ところが、結婚宣言は一線を越えたと感じたファンも多かったようだ。須藤さんの公式ツイッターにはスピーチ後、「(投票に必要なCDを大量に購入するなど)いくらつぎ込んだと思っているのか」「卒業してから宣言すべきではないか」といった投稿が殺到した。メンバーからも「ファンの気持ちを考えると本当に胸が痛い」(11位のAKB高橋朱里さん)、「何と言っていいかわからない」(NMBキャプテンで人気メンバーの山本彩さん)など、怒りや戸惑いの声が相次いだ。
メンバーとファンが作る「世界観」 リスク管理に不備はなかったか
「アイドルと結婚」。古くは1980年に21歳で引退した山口百恵さんのケースでも語られてきたテーマ。困惑や批判、そして祝福が飛び交う今回の事態を専門家はどう見ているのか。
「婚活」という言葉を世に広め、アイドルにも造詣が深いジャーナリストの白河桃子さんは「20歳の女性が結婚すること自体は、おめでたいことだと思う」と祝福。一方で、AKB総選挙は立候補制でもあることから、「事前に総選挙を辞退するなど、アイドルもファンも守られるような道を作れなかったのかという思いはある」と話す。

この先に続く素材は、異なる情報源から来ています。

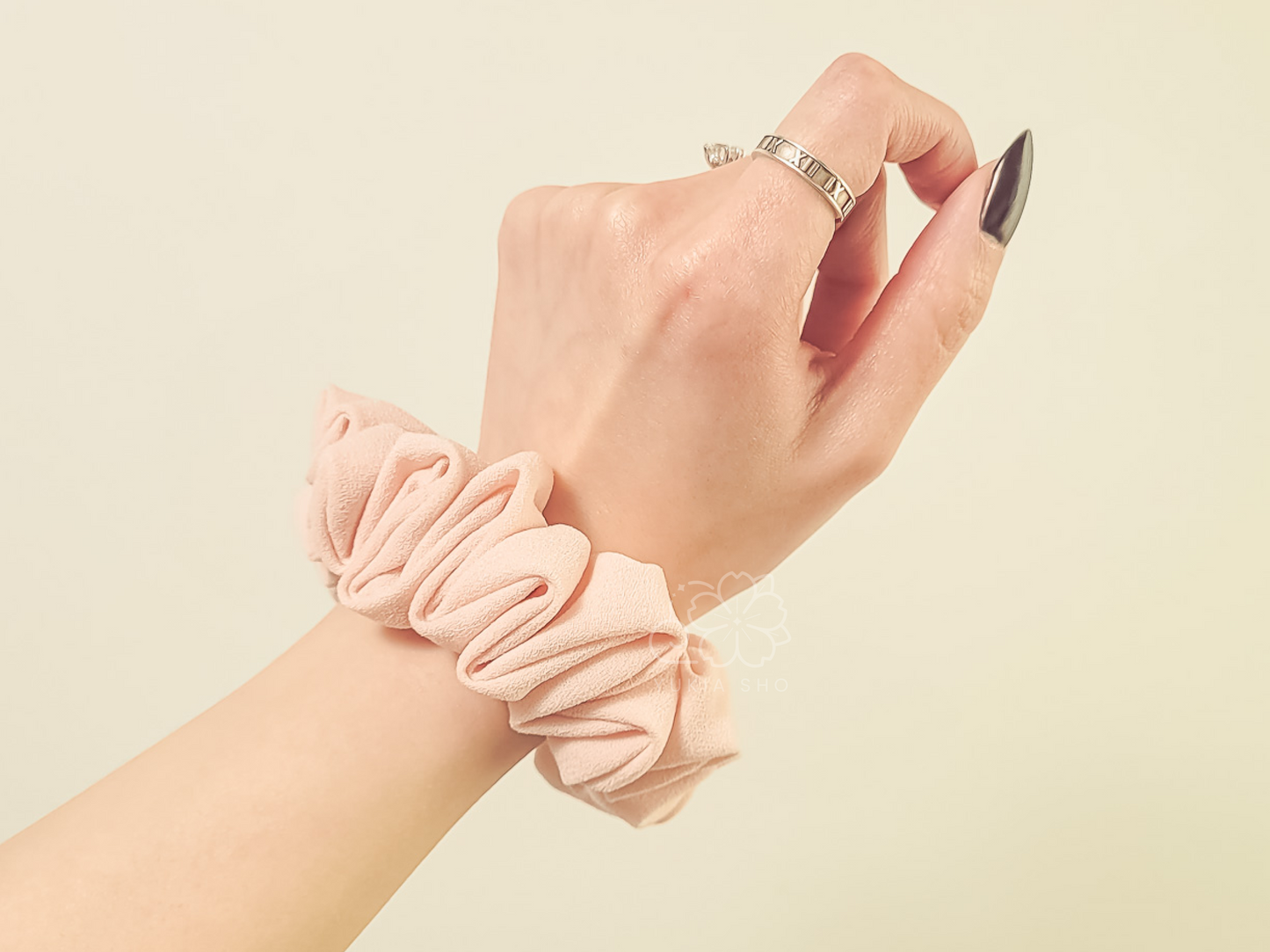 Sakura Mini Scrunchie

「アイドルの世界は、本人やファンたちが努力して構築した壮大な『ファンタジー』という側面もある」と白河さんは指摘する。たとえば、宝塚歌劇団は「清く正しく美しく」という劇団の理念に基づいた行動を求められ、その結果、世界観が守られている、と話す。「今回のことは『世界観』を一緒に作るチームのメンバーやそのファンのモチベーションに関わること。大人である運営サイドのリスク管理が求められる」と話した。
「アイドルとは」「結婚とは」 考えさせた須藤さんを評価
アイドル評論家の中森明夫さんは「CDを買って投票したファンや、他のメンバーに対する部分で批判の声が上がるのは理解できる。しかし須藤さんは、一世一代の舞台で、リスクを背負いながら、思い切った発言で私たちにインパクトを与え、総選挙の主役になった。AKBに興味がなかった層でさえ『アイドルとは何か』『結婚とは何か』を話題に盛り上がっている。この点は大いに評価したい」と称賛する。

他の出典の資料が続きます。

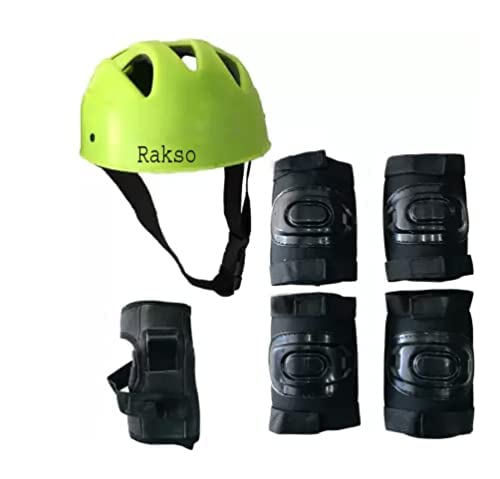RAKSO Skating & Cycling Protective Set - Color- Green (Set of 4 pcs) Kids (L)-image-37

2005年の最初のライブから、AKB48を見つめてきた中森さんは「何が起こるか分からない」ことがグループの魅力と考える。「AKBはこれまでのアイドルの既成概念にとらわれず、次々と新しいことを打ち出してきた。09年に始まった総選挙もその一つで、9回目を迎えた今回、何事もなく終わっていたらマンネリ感も出た。20歳のアイドルが話した数分のスピーチが、空気を読んでそんたくしたり、不祥事がすぐにバッシングされたりという、息苦しさ漂う現代社会に風穴を開けてくれたとさえ思う。これから大変なこともあると思うが、アイドル史に残る一大事件だ」と熱を込めて語った。